QRS Inc. (QRSI) has received another offer - its 4th (5th if you include the one from JDA) - from a private equity group. Details were not disclosed.
I am still not sure why QRS is drawing so much attention.
Meanwhile, a few other players are worth a look :

  • Retek (RETK) : is worth buying at its current price. I don't own any, but am planning to add soon. Someone is probably seriously evaluating buying them currently!
  • Manhattan Associates (MANH) : This one looks expensive, so waiting for a pullback is a good idea before jumping in.
  • Manugistics (MANU) : is trading at near-alltime lows. They got a new CEO recently who is known for turning around companies. I own a few, bought at levels higher than the current value. I am still planning to add more - i think this will be acquired within a year or two, but not before it sees a substantial appreciation in value.

Monday, August 02, 2004

A hit and a miss!

Fifth Third Bancorp today made an offer valued at $25/share for First National Bankshares (FLB), a 41% premium over its Friday close of around 17.5.
I had added this to my buy list for tomorrow! I removed it now after reading this news.

Hit #21

Cox Enterprises is taking cable operator Cox Communications (COX) private at $32/share, a 16% premium over its most recent price.
But this is of little comfort to me since my average is around $33/share!
At 32 this is still undervalued - expect more such companies, that get no respect, to go private.
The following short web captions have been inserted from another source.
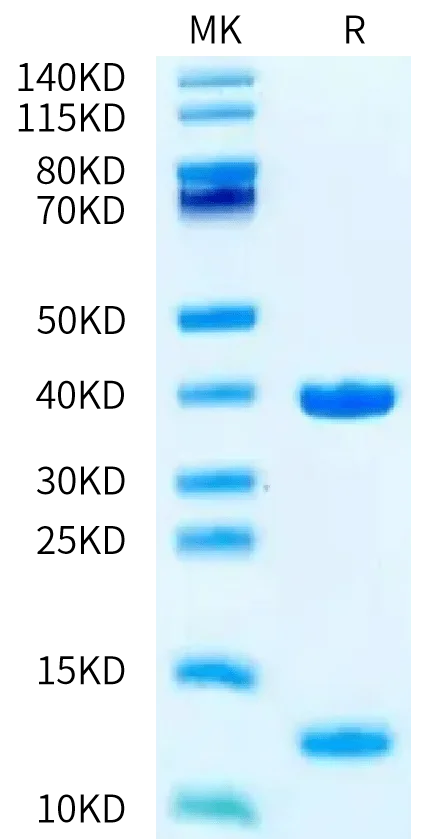 SDS-PAGE gel of Biotinylated Human HLA-A*02:01&B2M&P53 WT (HMTEVVRRC) M 2090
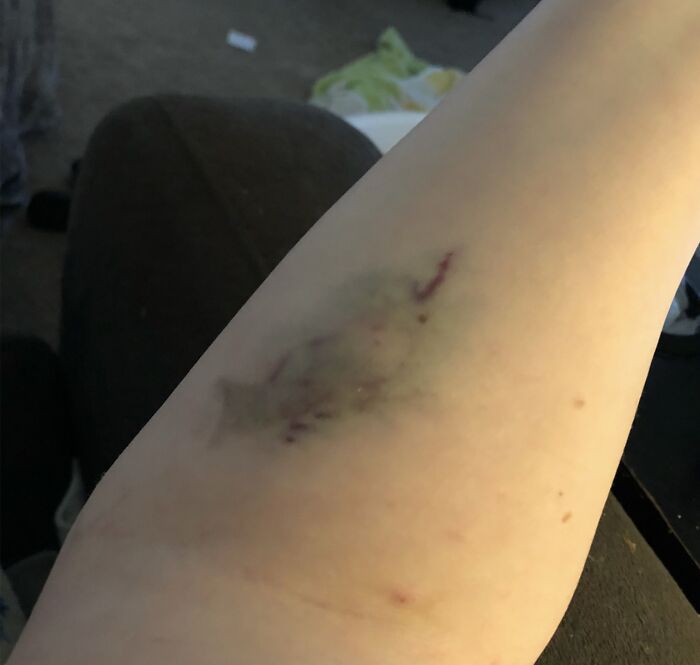 30 Times People Didn’t Think Their Symptoms Were A Big Deal, But They Were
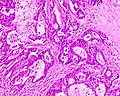 Adenocarcinoma del colon, colorazione con ematossilina-eosina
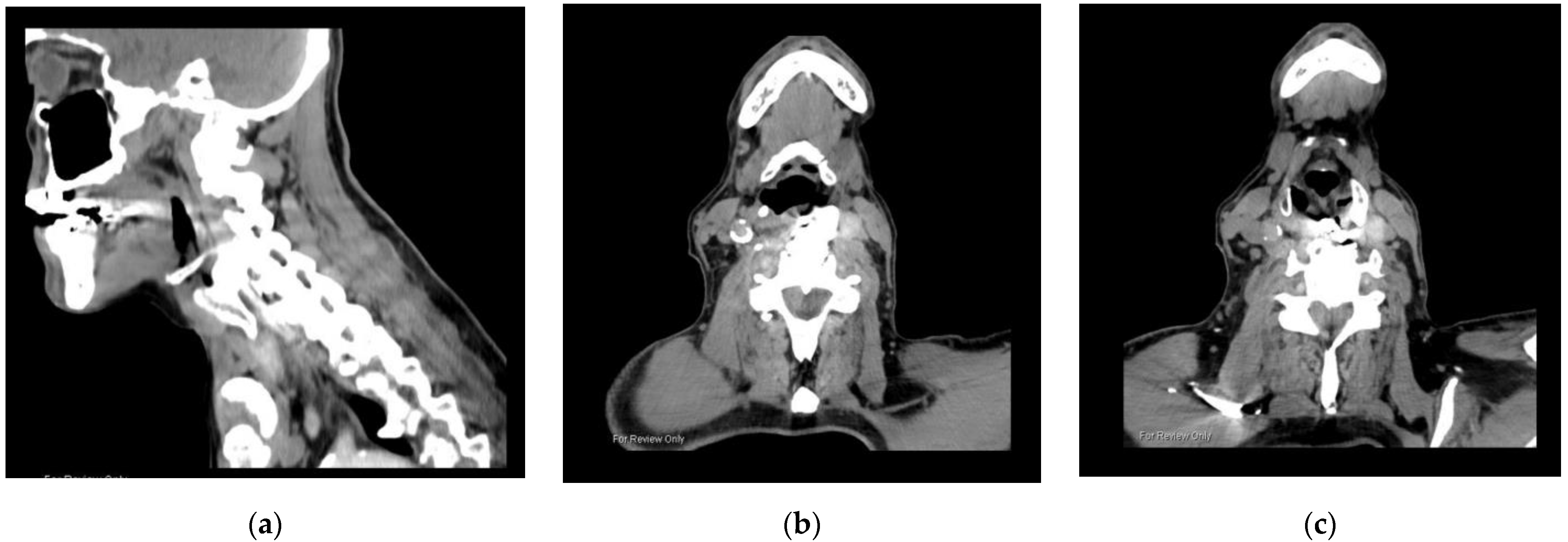 Surgeries 02 00038 g003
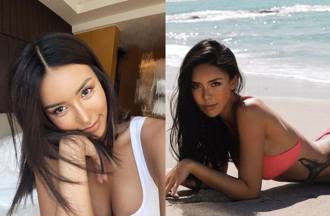 超辣女模消失2個月左手沒了 現身驚曝：我截肢了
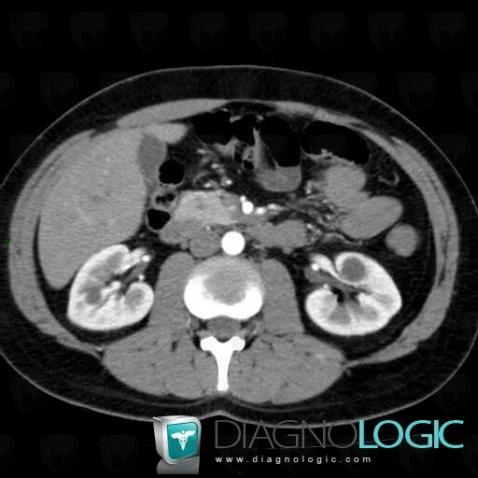 Von Hippel-Lindau syndrome, Kidney, CT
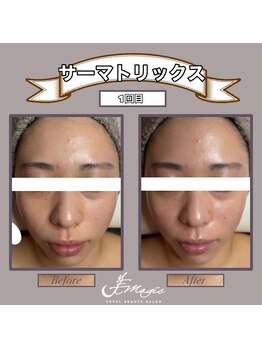 ビーマジック(美magic)/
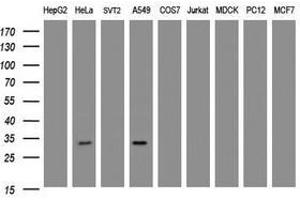 Image no. 2 for anti-Inhibitor of Growth Family, Member 2 (ING2) antibody (ABIN1498886) (ING2 抗体)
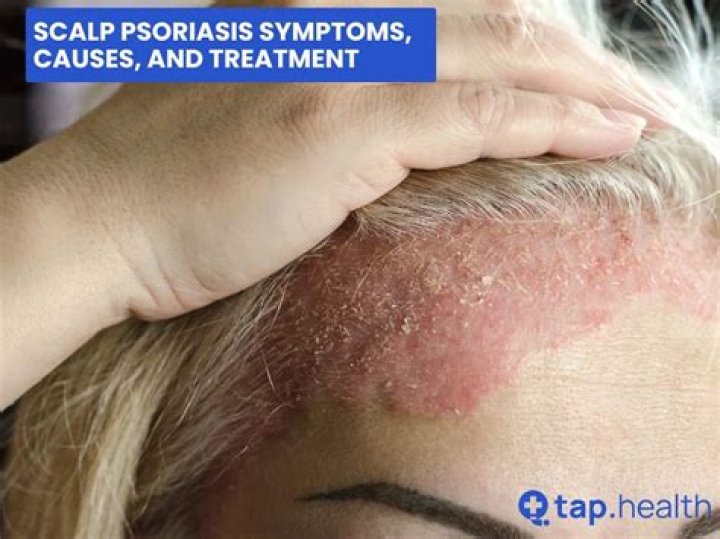 Is giloy good for psoriasis?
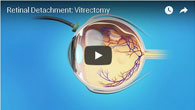 Retinal Detachment: Vitrectomy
I may not lose money after all - COX zoomed up and is trading at around 33.7 - looks like someone is expecting the offer to go up!

The entire cable sector looks ripe for consolidation - in particular rural/small-town cable operators
Insight Communications (ICCI)
Mediacom Communications (MCCC)
should be snapped up soon by one of the majors. I have a few of both and am adding more.

In fact, the only cable company that is not worth owning today is the debt-laden Charter Communications.

All the others have something to offer -
Comcast (CMCSKA) : undervalued,
Time Warner (TWX) : undervalued,
Cablevision (CVC) : takeover target.